M$^{3}$D: A Multimodal, Multilingual and Multitask Dataset for Grounded Document-level Information Extraction

Multimodal information extraction (IE) tasks have attracted increasing attention because many studies have shown that multimodal information benefits text information extraction. However, existing multimodal IE datasets mainly focus on sentence-level image-facilitated IE in English text, and pay little attention to video-based multimodal IE and fine-grained visual grounding. Therefore, in order to promote the development of multimodal IE, we constructed a multimodal multilingual multitask dataset, named M$^{3}$D, which has the following features: (1) It contains paired document-level text and video to enrich multimodal information; (2) It supports two widely-used languages, namely English and Chinese; (3) It includes more multimodal IE tasks such as entity recognition, entity chain extraction, relation extraction and visual grounding. In addition, our dataset introduces an unexplored theme, i.e., biography, enriching the domains of multimodal IE resources. To establish a benchmark for our dataset, we propose an innovative hierarchical multimodal IE model. This model effectively leverages and integrates multimodal information through a Denoised Feature Fusion Module (DFFM). Furthermore, in non-ideal scenarios, modal information is often incomplete. Thus, we designed a Missing Modality Construction Module (MMCM) to alleviate the issues caused by missing modalities. Our model achieved an average performance of 53.80% and 53.77% on four tasks in English and Chinese datasets, respectively, which set a reasonable standard for subsequent research. In addition, we conducted more analytical experiments to verify the effectiveness of our proposed module. We believe that our work can promote the development of the field of multimodal IE.
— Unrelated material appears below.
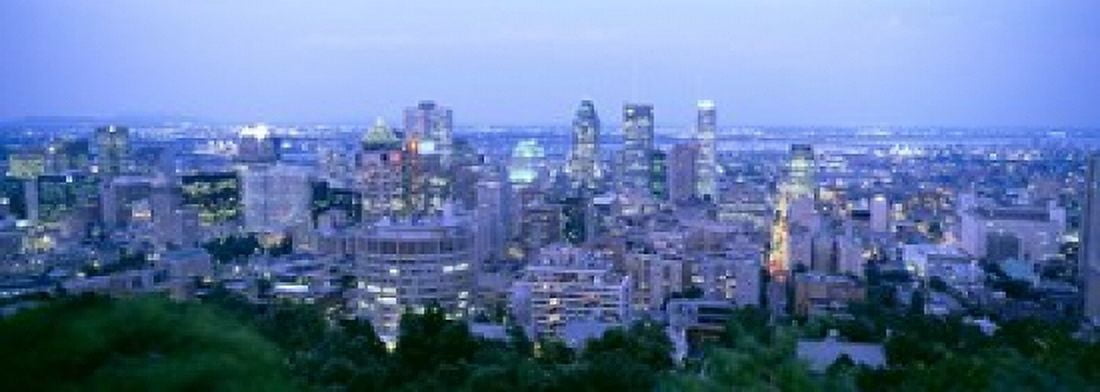 Cityscape at dusk Montreal Quebec Canada Canvas Art - Panoramic Images (18 x 7)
翻译：多模态信息抽取任务日益受到关注，因为许多研究表明多模态信息有助于文本信息抽取。然而，现有的多模态信息抽取数据集主要集中于英语文本的句子级图像辅助信息抽取，对基于视频的多模态信息抽取和细粒度视觉定位关注较少。因此，为促进多模态信息抽取的发展，我们构建了一个名为M$^{3}$D的多模态、多语言、多任务数据集，其具备以下特点：（1）包含成对的文档级文本与视频，以丰富多模态信息；（2）支持两种广泛使用的语言，即英语和中文；（3）涵盖更多多模态信息抽取任务，如实体识别、实体链抽取、关系抽取和视觉定位。此外，我们的数据集引入了一个尚未被探索的主题——人物传记，从而丰富了多模态信息抽取资源的领域。为了为我们的数据集建立基准，我们提出了一种创新的分层多模态信息抽取模型。该模型通过一个去噪特征融合模块（DFFM）有效利用并整合多模态信息。此外，在非理想场景下，模态信息常常不完整。因此，我们设计了一个缺失模态构建模块（MMCM）以缓解由模态缺失引起的问题。我们的模型在英语和中文数据集上的四项任务中分别取得了平均53.80%和53.77%的性能，为后续研究设定了合理的标准。此外，我们进行了更多分析性实验以验证所提出模块的有效性。我们相信，我们的工作能够推动多模态信息抽取领域的发展。